Jesus encouraged people, “Lay up for yourselves treasures in heaven, where neither moth nor rust doth corrupt” (Matthew 6:20). The home that is a heavenly treasure is far more than even the most loved house, tent, or mansion. Christian Science teaches that we each as God’s valued children have an inseparable oneness with God, divine Spirit, which means that the consciousness of being in God’s presence is our true and invulnerable home.

This is a home that is fully and beautifully furnished­ – not with physical things, but with a multitude of spiritual elements. We as spiritual ideas of Mind, another name for God, have this spiritual home, including all of its good furnishings. Spiritual joy, rest, nourishment, and activity are just some of them! These spiritual elements not only comfort us, but they also strengthen us and even impel us to help others. “The man of God may be perfect, throughly furnished unto all good works,” as the Bible puts it (II Timothy 3:17).

Our permanent, forever abode is our oneness with God. We are never truly away from this home. It cannot be taken from us or destroyed. Our habitation here in the all-presence of heaven is assured.

Understanding this expanded view of home, even if only a glimpse, brings such confidence. An article from the Christian Science Sentinel, a sister publication to the Monitor, describes how a family proved this to be true in a beautiful way (see Vicki A. Turpen, “What we gained when we lost everything,” February 22, 1999). The writer’s storage shed and partially-built house had burned to the ground.

As a Christian Scientist, her prayers took her to the book “Science and Health with Key to the Scriptures.” She notes where the author, Monitor founder Mary Baker Eddy, writes, “Home is the dearest spot on earth, and it should be the centre, though not the boundary, of the affections” (p. 58).

Through prayer, the family found a contractor to quickly rebuild their house, but the writer also says the center of home “is a spiritual idea, not a physical structure.

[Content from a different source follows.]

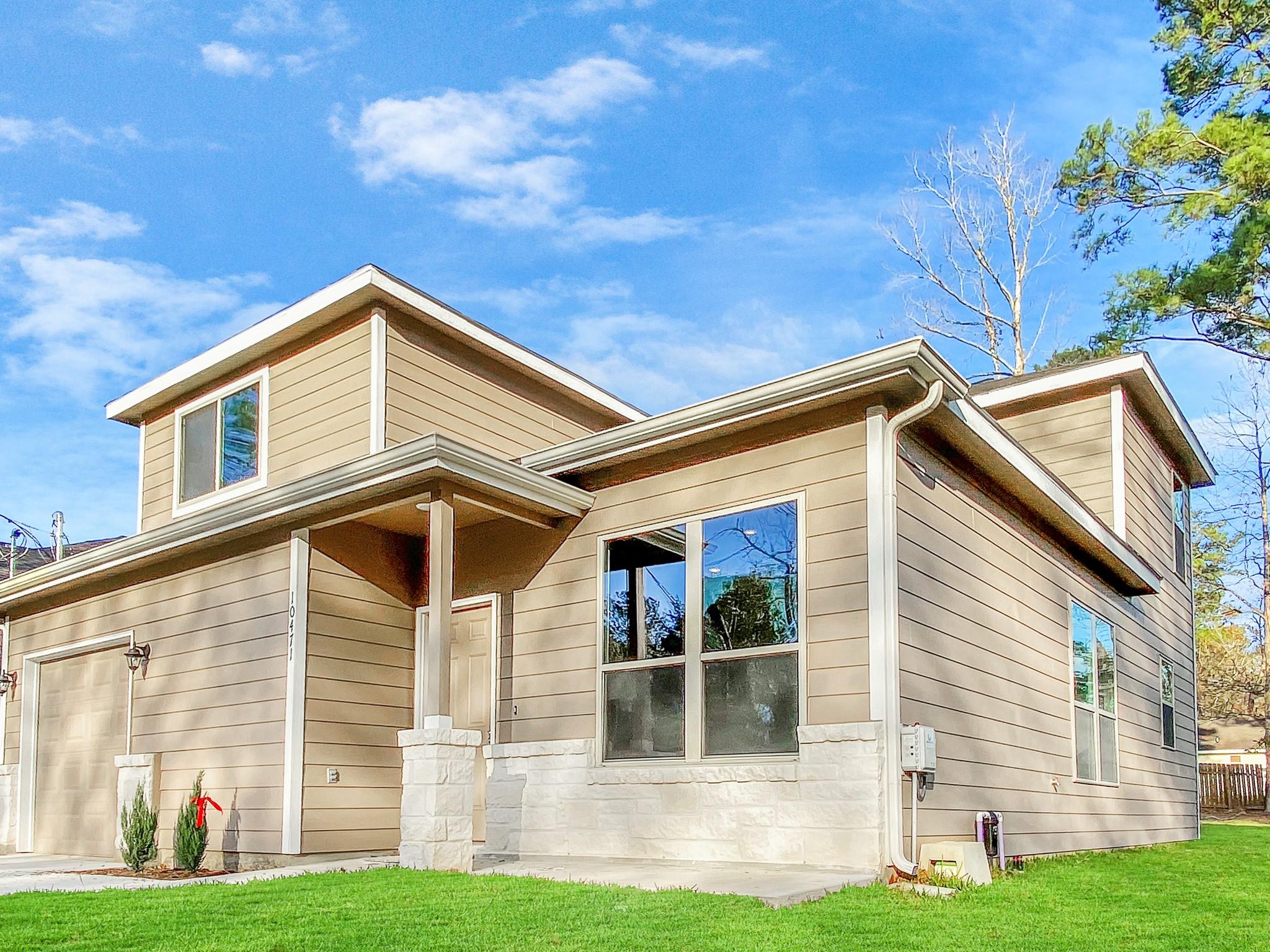 10471 Royal Adrian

As each family member recognized this spiritual truth, the feeling of loss was replaced with the assurance that God was still present and accountable. No human loss could erase this fact. Our home became a much happier, healthier place than it had been, and over the next few years it became a haven for other young people who were attracted to our family because of the qualities the children expressed.”

Into our heavenly home, none of the world’s fears gain entrance. Divine consciousness, the basic substance of our holy abode, always remains pure. We have the right to rejoice often then, because, as the 91st Psalm puts it, we continuously and safely “abide under the shadow of the Almighty” and dwell in “the secret place of the most High” (verse 1).

From our heavenly home, is there ever a moving day? Absolutely not. Mrs. Eddy once said to the members of her household: “Home is not a place but a power. We find home when we arrive at the full understanding of God” (Irving C. Tomlinson, “Twelve Years with Mary Baker Eddy,” Amplified Edition, p. 211).

As God’s ideas, we dwell permanently and safely in God. There is no departing from, nor losing, this heavenly home, since God is ever present. We can increasingly become conscious of, and be so grateful for, how we each – all around the world – are truly God’s ideas, forever residing in the perfect spiritual home that is God.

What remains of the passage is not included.